21 de janeiro de 2020

Trata-se do Fundo Orçamentário Temporário (FOT). Ele surgiu através Lei 8645/2019, sancionada em dezembro pelo governador do Rio de Janeiro, Wilson Witzel.

O FOT substituirá o Fundo Estadual de Equilíbrio Fiscal do Estado do Rio de Janeiro (FEEF).

A nova lei determina que as empresas deverão depositar no FOT o valor de 10% a ser calculado sobre o montante devido ao ICMS.

Isto porque, apesar da ADI 5958, que questiona o Convênio ICMS 106/2107 e tramita junto ao Supremo Tribunal Federal, o fato é que solução de consulta SEFAZ/RJ Nº 11/2018, já entendia que nas “operações internas ou interestaduais com softwares de prateleira, por transferência eletrônica, com o benefício da “não incidência” dada pelo artigo 3º do Decreto n.º 20.307/2000, estão sujeitas à apuração e ao recolhimento do FEEF”; e, portanto, também estarão sujeitas ao FOT nos termos da nova lei.

A medida entraria em vigor no dia 01 de janeiro, mas está suspensa devido a uma liminar concedida à Federação das Indústrias do Estado – FIRJAN.

Sua vigência passou para março.

O software passa a ser atingido pela nova legislação, pois o FOT entende que as operações internas ou interestaduais com software de prateleira, por transferência eletrônica, devem recolher impostos.

TIO RIO É CONTRÁRIO

Para o presidente do TI Rio, Benito Paret, a instituição do FOT pode ser considerada inconstitucional:

“A lei mantém os vícios da legislação anterior ao sustentar a obrigação por parte das empresas à apuração e ao recolhimento dos tributos”.

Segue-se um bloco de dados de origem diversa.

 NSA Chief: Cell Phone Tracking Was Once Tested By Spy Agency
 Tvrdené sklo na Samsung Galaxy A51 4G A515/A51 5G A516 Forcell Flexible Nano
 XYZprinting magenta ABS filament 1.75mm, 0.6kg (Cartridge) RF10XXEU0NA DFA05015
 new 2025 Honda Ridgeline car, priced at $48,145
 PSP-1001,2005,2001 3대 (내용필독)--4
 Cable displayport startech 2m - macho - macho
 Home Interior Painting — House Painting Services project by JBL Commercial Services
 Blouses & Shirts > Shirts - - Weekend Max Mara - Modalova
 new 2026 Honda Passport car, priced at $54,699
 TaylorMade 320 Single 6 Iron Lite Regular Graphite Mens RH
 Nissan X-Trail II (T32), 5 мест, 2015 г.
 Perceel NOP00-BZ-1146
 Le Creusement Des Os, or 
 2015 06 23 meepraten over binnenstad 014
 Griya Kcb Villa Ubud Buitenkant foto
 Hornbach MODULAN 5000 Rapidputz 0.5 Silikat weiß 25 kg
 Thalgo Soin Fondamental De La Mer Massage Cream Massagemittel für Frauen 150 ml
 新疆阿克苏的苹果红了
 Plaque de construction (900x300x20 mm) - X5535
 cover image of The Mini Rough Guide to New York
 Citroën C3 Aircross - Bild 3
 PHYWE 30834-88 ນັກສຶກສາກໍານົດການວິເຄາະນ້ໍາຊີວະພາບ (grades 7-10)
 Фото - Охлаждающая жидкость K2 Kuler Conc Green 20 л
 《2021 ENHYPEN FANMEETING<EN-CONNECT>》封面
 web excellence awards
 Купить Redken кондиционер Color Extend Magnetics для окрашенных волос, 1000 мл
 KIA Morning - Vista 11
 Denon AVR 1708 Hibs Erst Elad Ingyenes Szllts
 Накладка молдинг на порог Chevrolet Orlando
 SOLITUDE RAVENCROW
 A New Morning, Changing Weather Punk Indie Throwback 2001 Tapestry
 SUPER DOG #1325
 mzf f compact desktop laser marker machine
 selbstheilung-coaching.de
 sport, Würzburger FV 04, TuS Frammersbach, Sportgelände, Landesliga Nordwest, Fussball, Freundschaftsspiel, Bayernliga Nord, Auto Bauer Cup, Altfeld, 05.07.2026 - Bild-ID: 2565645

“A instituição do FOT pode ser considerada inconstitucional e é nesse sentido que buscaremos o Judiciário, pois afronta diferentes artigos da Constituição Federal”.

FENAINFO APOIA O POSICIONAMENTO DO SINDICATO

A Fenainfo acompanha o impacto da nova legislação no Estado do Rio de Janeiro e apoia a posição contrária manifestada pelo TI Rio.

O presidente Edgar Serrano afirma que é preciso adotar todas as medidas para evitar novas tributações para o setor de software:

“O segmento precisa se manter unido para evitar que iniciativas como essas se proliferem por outros estados. O setor de software já enfrenta outras ameaças de aumento de tributos e corremos o risco de ter muitas empresas inviabilizadas caso não adotemos posturas firmes contra o aumento de impostos”.

“O Brasil precisa de menos impostos e de maior simplificação tributária”.

“O crescimento da arrecadação dos impostos deve ocorrer através do aumento das vendas e não pela penalização das empresas”.